For it is not true that, as some claim, when the Argives shaved their heads in mourning after their great defeat, the Spartans, in contrast to them, let their own hair grow long, rejoicing in what had happened; nor that, because the Bacchiads who had fled from Corinth to Sparta appeared mean and unsightly from having shaved their heads, they (i.e. the Spartans) became eager to let their hair grow long; rather, this [custom] too goes back to Lycurgus.
(7) Artem. 1.22: κείρεσθαι δὲ ὑπὸ κουρέως ἀγαθὸν πᾶσιν ἐπίσης· ἔστι γὰρ ὡς εἰπεῖν ἀπὸ τοῦ καρῆναι καὶ τὸ χαρῆναι ἐκδέξασθαι κατὰ παραλλαγὴν στοιχείου.

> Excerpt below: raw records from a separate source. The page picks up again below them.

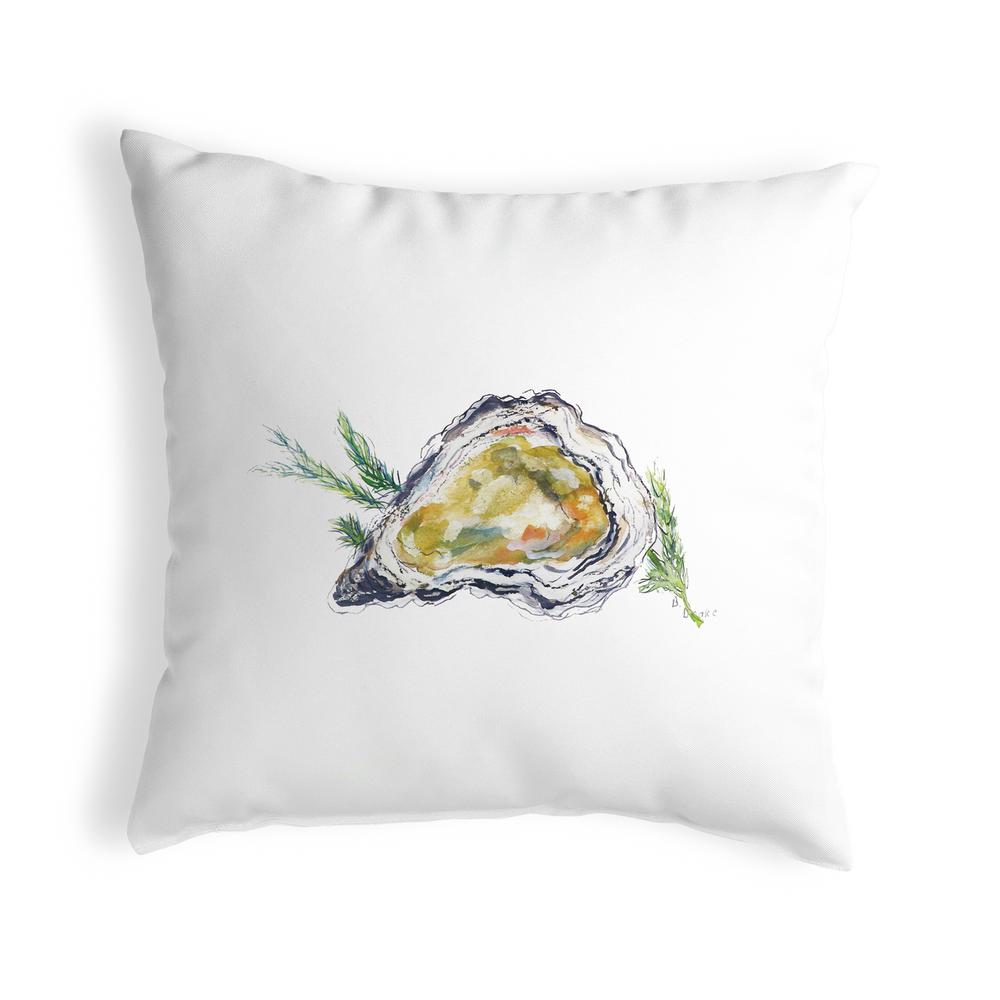 Oyster Shell No Cord Pillow 18x18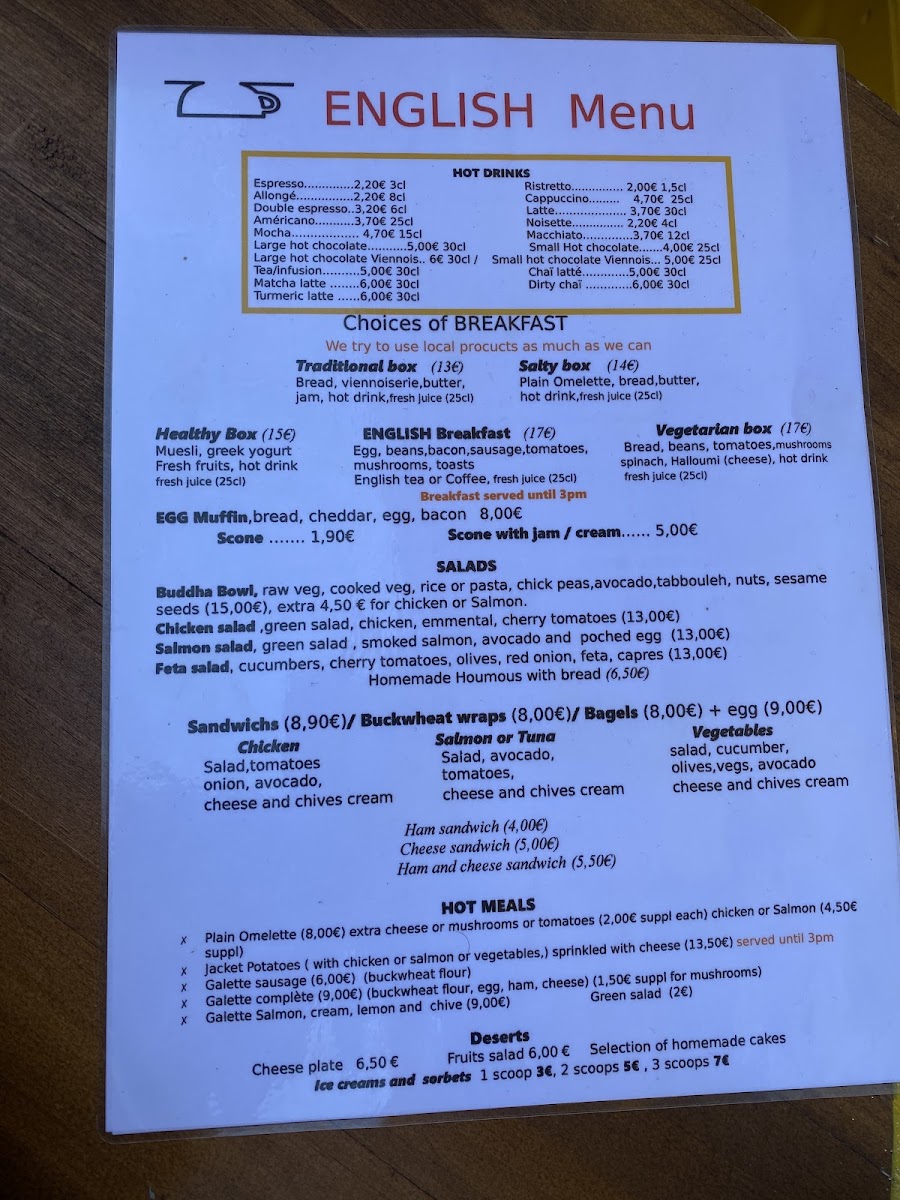 Menu F.a.v.orite Coffee-1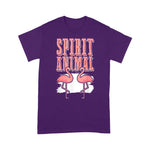 Flamingo Shirt Flamingo Spirit Animal Flamingos - Scotstee Shop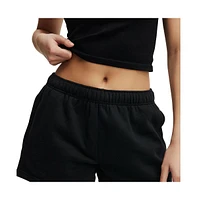 Cotton On Women's Active Plush Essential Gym Short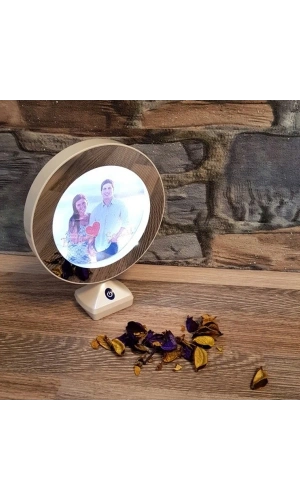 Bidebuvar Led Işıklı Sihirli Ayna Çerçeve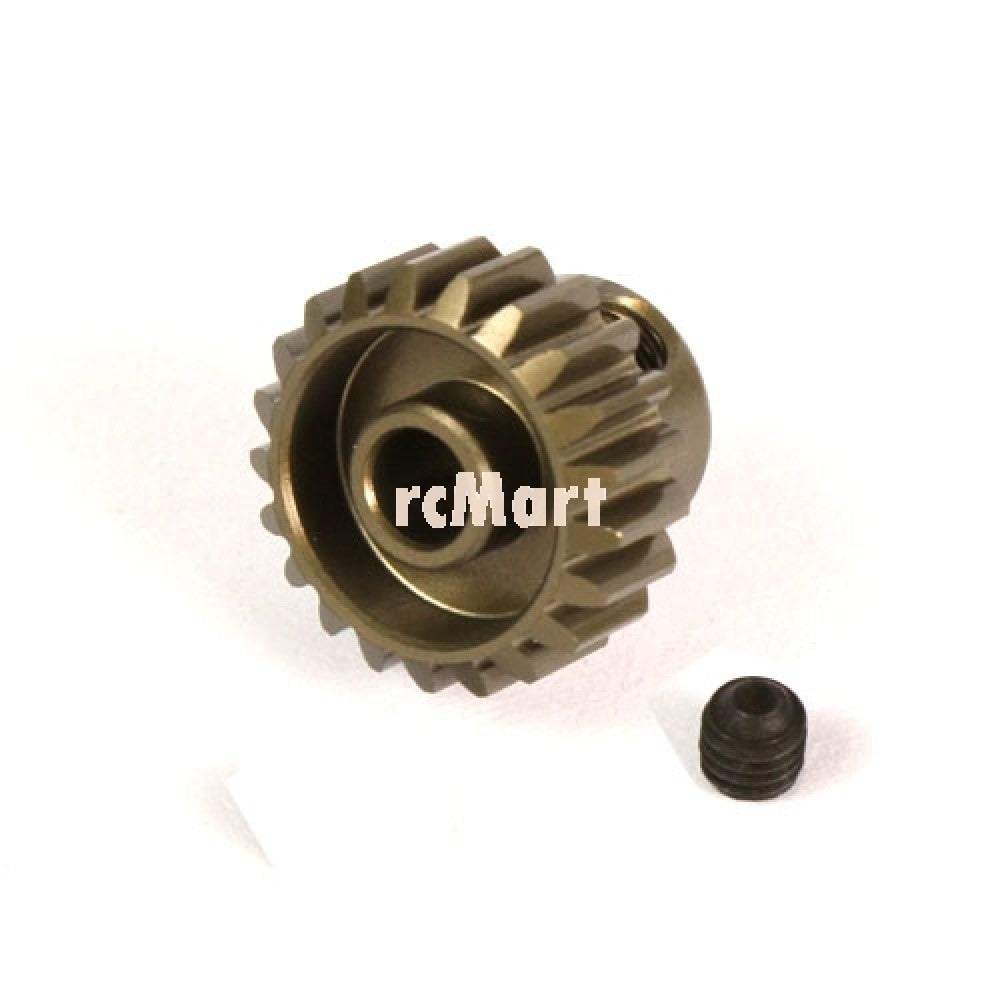 Yeah Racing MG-48021 ENGRENAGES/PIGNONS DE MOTEUR À REVÊTEMENT DUR EN ALUMINIUM 7075 48P 21T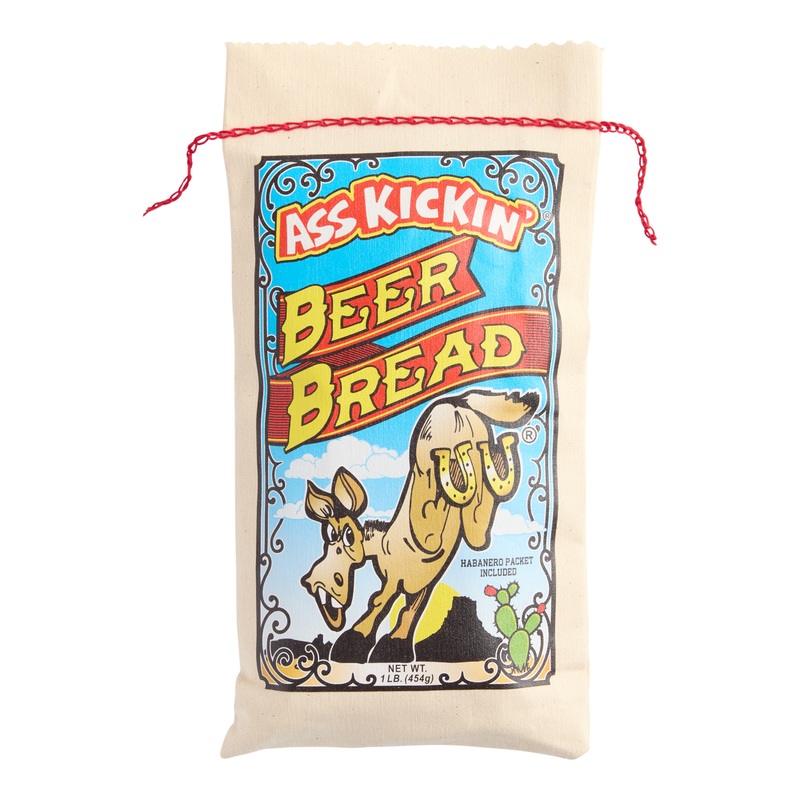 Ass Kickin’ Beer Bread Mix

To be shaved by a barber is equally good for everyone: for, so to speak, from καρῆναι (‘to be sheared’) one may also derive χαρῆναι (‘to rejoice’) by a change of letter.
(8) Luc. Sol. 6: καρῆναι δέ τινος εἰπόντος ὡς δέοιτο, τί γάρ, ἔφη, σοὶ δεινὸν εἴργασται καὶ ἄξιον ἀτιμίας;
When someone said that he needed to be shaved, he replied: ‘What terrible thing have you done that deserves such dishonour?’.

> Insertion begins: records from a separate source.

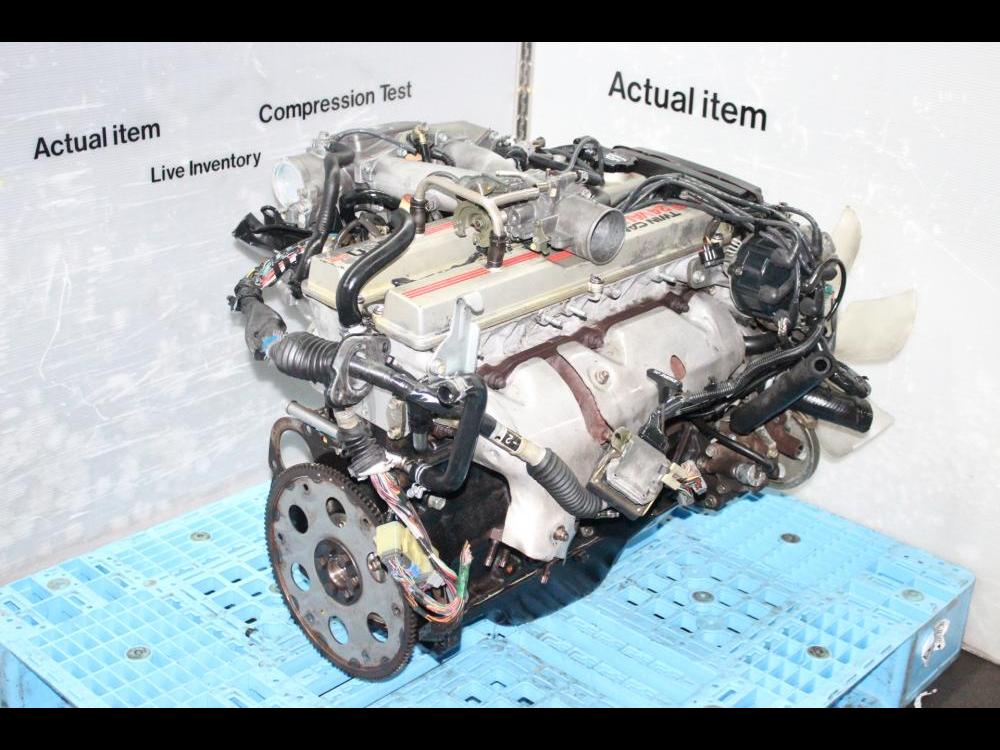 USED JDM 1987-1991 TOYOTA SUPRA, CRESSIDA 7MGE 3.0L DOHC ENGINE: Image 3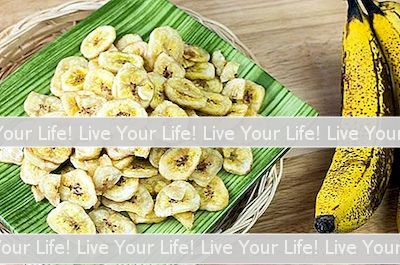 วิธีการทำชิปกล้วยกับการขจัดน้ำเลี้ยงอาหาร
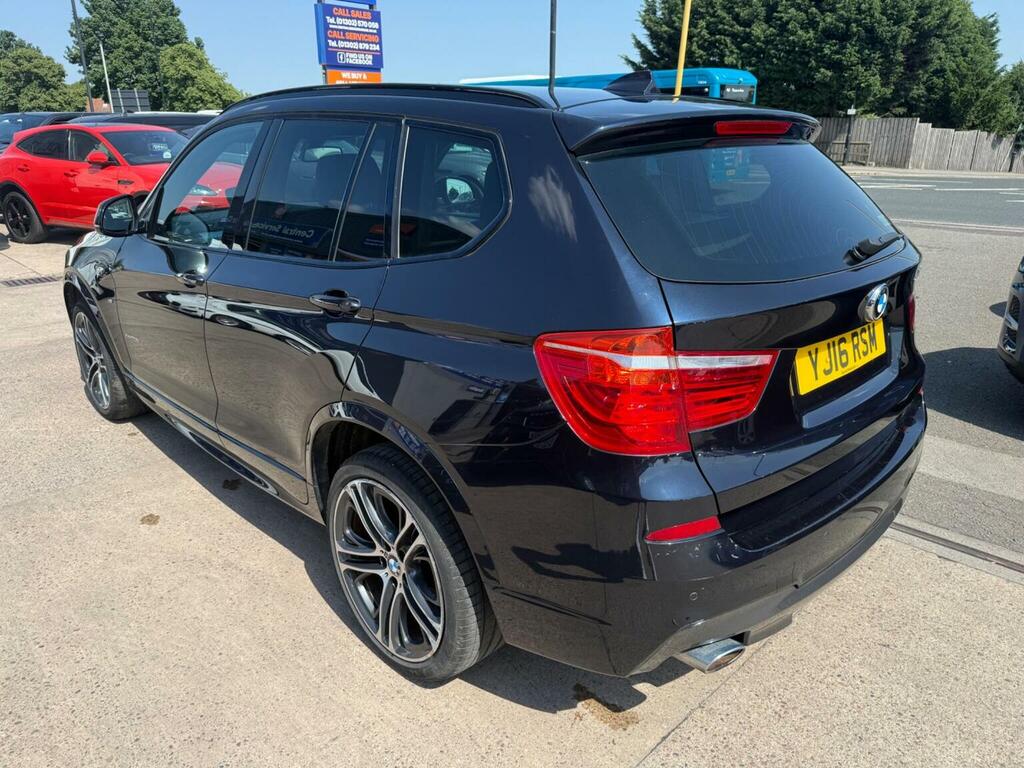 BMW X3 M Sport White #16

(9) Lib. Ep. 288.1: οἶμαι καὶ δάκρυσιν ὑπὸ σοῦ τετιμῆσθαι Καισάριον τὸν φαυλοτέραν δείξαντα τὴν Ἀρμενίαν τῇ τελευτῇ. τὴν μὲν γὰρ πόλιν καὶ δημοσίᾳ κείρασθαι νομίζω πενθοῦσαν τὸν ὀρθόπολιν, εἶπεν ἂν Πίνδαρος.
I think that Caesarius, who left Armenia worse off with his death, has been honoured by you also with tears. For I think that the city too publicly cut its hair mourning for the ‘upholder of the city’, as Pindar (O. 2.7) would say.
(10) Iul.Antec. AP 11.368:
ἀμητὸς πολύς ἐστι τεὴν κατὰ δάσκιον ὄψιν·
τῷ σε χρὴ δρεπάνοισι καὶ οὐ ψαλίδεσσι καρῆναι.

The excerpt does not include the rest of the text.